Building Name: | Agora Grand Event Center |
Former Name: | St. Patrick's Church |
Location: | 220 Bates Street, Lewiston, Maine, |
Coordinates: | 44.0948°N -70.2122°W |
Start Date: | 1887 |
Completion Date: | 1890 |
Building Type: | Event center |
Architect: | Patrick Keely |
Owner: | Andrew Knight |
The Agora Grand Event Center is a large event venue in Lewiston, Maine.[1] It is also the second-tallest building in the state. The Agora Grand was created by renovating the former St. Patrick's Church, a Roman Catholic church whose cornerstone was laid on July 24, 1887, by the Right Reverend Bishop Healy[2] and last Mass was held in October 2009.[3] At 220 feet to its taller spire, it is the second-tallest building in Maine,[4] based on the definition of "height to architectural top" by the Council on Tall Buildings and Urban Habitat.[5]
It was purchased in March 2014, by developer Andrew Knight,[6] who opened the Agora Grand in May 2016. Knight received an award from the Lewiston Historic Preservation Board for his work in reviving the building; his wedding was the first held at the renovated building.[7]
In 2014, Knight converted the former St. Patrick's Church Rectory, also known as the Albert Kelsey Mansion, into a boutique hotel.[8] The former church contains a mortuary chapel and basement crypt in which the church's original builder and priest, Monsignor Thomas Wallace, was buried from 1906 to 2007, when his body was exhumed and moved to Mt. Hope Cemetery. In 2015, Knight converted the former crypt into a novelty annex of the Inn at the Agora, purportedly the world's first "crypt hotel room."[9]
An 1896 account in The Sacred Heart Review describes the structure:
St.
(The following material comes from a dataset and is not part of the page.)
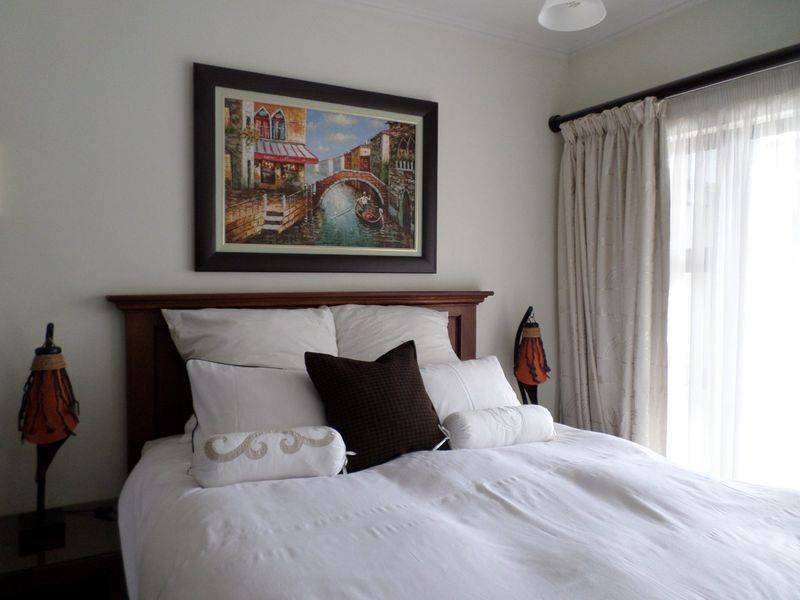 A well-maintained bedroom featuring neutral wall finishes, a curtain rod with drapes, and natural light from the adjacent window.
Patrick's Church, a beautiful Gothic structure of brick, with rockfaced granite foundations, has an unsurpassed situation, as it faces directly on the public park and stands commandingly over the lower levels of the city, surmounted as it is by two graceful spires that rise to heights of 220 and 160 feet respectively. It is 180 feet long and 65 feet wide, and has a comfortable seating capacity of 1,000. It is a seven-bay edifice, its brick buttresses being doubly barged in cut granite ; and the side walls are further trimmed in white North Jay granite at the springs and tips of the window-arches.[10]